Another trait widely considered French is creativity. It should come as no surprise that Philippe Stark designs Thomson television sets, or that Renault, rechristened a "creator of automobiles", has been promoted abroad by Jean-Paul Gaultier, the enfant terrible of the fashion world.

There are ample signs of the French inventive spirit in any Renault Espace, Twingo or Scenic.

But the trouble is, in a face-off with their German competitors, French car-makers have to ensure they measure up in terms of performance and quality. Otherwise, their products will be dismissed as superficial or gimmicky, a triumph of style over substance. In other industries, however, major innovations such as the TGV, the (admittedly pan-European) Airbus A380, the puncture-proof Michelin tyre and the smart-card have all helped improve the image of France as a pioneering hi-tech country. Despite the prevalence of deeply entrenched cultural stereotypes, it seems attitudes are changing.

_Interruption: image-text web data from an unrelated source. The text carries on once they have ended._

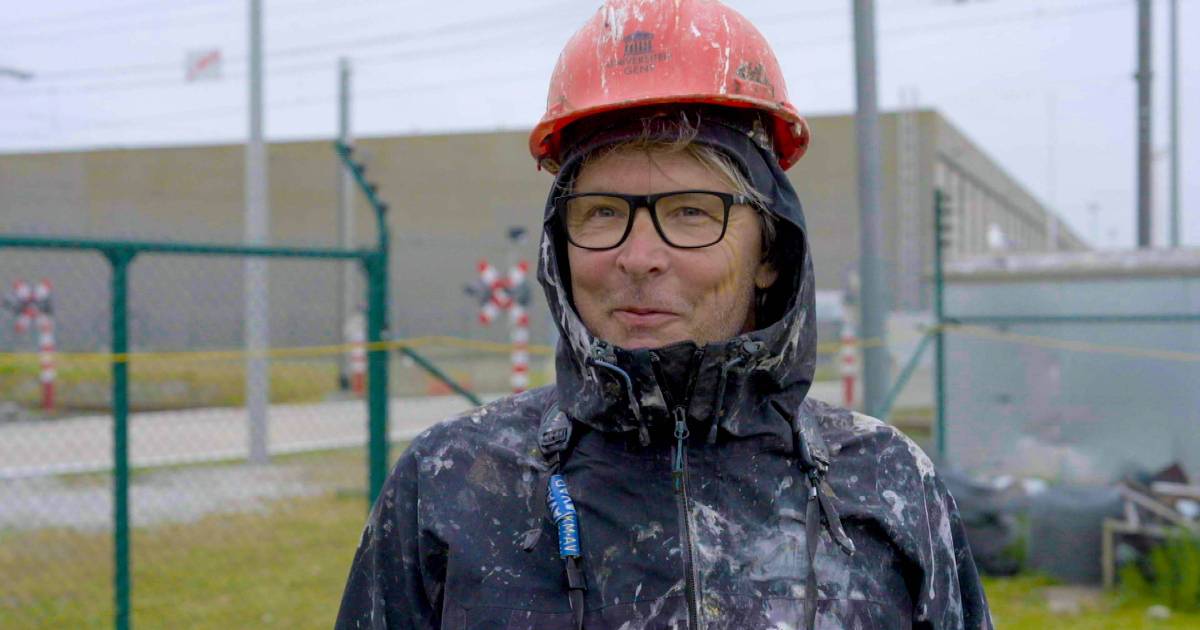 Lo scienziato Eric ha letteralmente fatto un pessimo lavoro: “Un gabbiano può mirare finché non ti gocciola sul collo” |  televisione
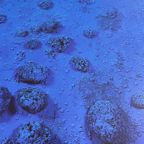 Yves Klein (1928-1962), Relief Éponge-blue Re 17, thumbnail 4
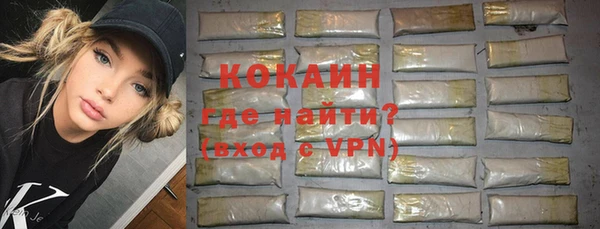 прущие грибы Надым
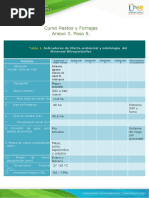 Anexo 3 - Paso 5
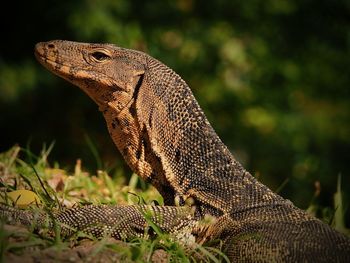 Close-up of lizard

It is true that French brands often move away from their initial positioning when they turn their attentions to foreign markets. Those that can capitalise on France's solid reputation in specific areas (such as food, wine, luxury or sex appeal) are usually eager to draw attention to their roots - much more than they do at home. On the other hand, in the same way that Coca-Cola is seen as global first and American second, French brands aiming for truly global reach and status tend not to celebrate their roots. They are more likely to downplay their Frenchness so they can win over even Francophobes. Indeed, while a brand can't very well deny its background, it isn't obliged to use it as a selling-point either. It's all a question of context.

Unsurprisingly, when the political climate takes a turn for the worse, too much national character can prove to be a serious liability. There were attempts to boycott French goods in the US at the time of the war in Iraq and following the nuclear testing in Mururoa, enabling protest groups to use consumption as an effective weapon. In such cases, the national aura that previously enhanced a brand may suddenly become a handicap. It's at times like those that you wish you were selling something neutral - such as Swiss chocolate.

- Olivier Altmann is the creative director of Publicis Conseil.